Perché gli Usa fanno la guerra su più fronti
Uno degli imperativi strategici degli Stati Uniti è quello di impedire che emerga un Paese in ogni Continente o regione del mondo. Per questo motivo sono intervenuti nella Prima e nella Seconda Guerra Mondiale in funzione anti-tedesca, per questo sono andati in Vietnam e in Afghanistan e hanno aperto alla Cina in funzione anti-sovietica, per questo sostengono l’Ucraina in funzione anti-russa. La pax americana, garantita dal controllo americano delle rotte marittime, è stata incrinata e il periodo post-Guerra Fredda si è concluso proprio con l’invasione russa dell’Ucraina. La risposta alla domanda “perché sono scoppiate queste guerre tutte insieme?” è che i nemici di Washington hanno fiutato il momento giusto per sfidare l’egemonia degli Usa. In questo senso il grande rivale finale per il predominio globale è la Cina, che ha promesso di utilizzare la forza per riprendersi l’isola di Taiwan. Nelle cui basi americane, per effetto del National Defense Authorization Act, i consiglieri militari americani hanno iniziato a stazionare in maniera permanente per portare avanti un programma completo di consulenza e addestramento delle unità locali, in linea con il Taiwan Enhanced Resilience Act.
La volontà statunitense di congelare la guerra in Ucraina e di sedersi al tavolo dei negoziati con la Russia risponde a un altro imperativo strategico per Washington: dividere il fronte dei nemici. Cina e Russia sono infatti imperi che si toccano, cooperanti per convenienza, alleati che non si vogliono bene. Ma che hanno unito le forze in funzione anti-americana. In questa fase una Russia sconfitta e umiliata diventerebbe facile preda di Pechino, che arriverebbe quindi alla sfida decisiva con gli Stati Uniti forte del grano e degli idrocarburi di Mosca. Se hai due grandi nemici, devi sottrarre il più debole al più forte. Da qui lo stallo al Congresso Usa sui 60 miliardi di dollari in aiuti per l’Ucraina e la decisione di scaricare il peso del supporto al Parse invaso sulle spalle degli Stati Ue, rinverdendo la minaccia di invasione europea da parte di Mosca.
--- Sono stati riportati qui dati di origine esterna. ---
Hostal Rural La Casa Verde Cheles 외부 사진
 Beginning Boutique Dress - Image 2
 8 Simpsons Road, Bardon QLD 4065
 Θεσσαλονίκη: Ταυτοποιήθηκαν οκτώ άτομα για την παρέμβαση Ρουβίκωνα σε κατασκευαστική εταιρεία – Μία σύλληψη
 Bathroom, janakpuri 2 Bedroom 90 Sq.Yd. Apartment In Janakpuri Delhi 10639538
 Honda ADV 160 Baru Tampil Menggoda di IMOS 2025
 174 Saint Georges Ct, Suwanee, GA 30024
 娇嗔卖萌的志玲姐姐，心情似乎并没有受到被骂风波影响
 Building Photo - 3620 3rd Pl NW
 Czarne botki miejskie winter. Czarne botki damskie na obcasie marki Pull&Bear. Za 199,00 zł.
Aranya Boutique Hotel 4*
Nello stesso quadro si inseriscono anche le crescenti pressioni su Israele affinché riduca la pressione militare su Gaza. Lo Stato ebraico è stato eletto da Washington fulcro per il controllo del Medio Oriente, al fine di evitare l’egemonia regionale di Arabia Saudita e Iran (e Turchia). Gli Accordi di Abramo vanno esattamente in questa direzione: la normalizzazione dei rapporti e il riconoscimento reciproco tra Israele e monarchie arabe. Per l’ira di Teheran, la cui strategia è esattamente all’opposto: impedire tale processo.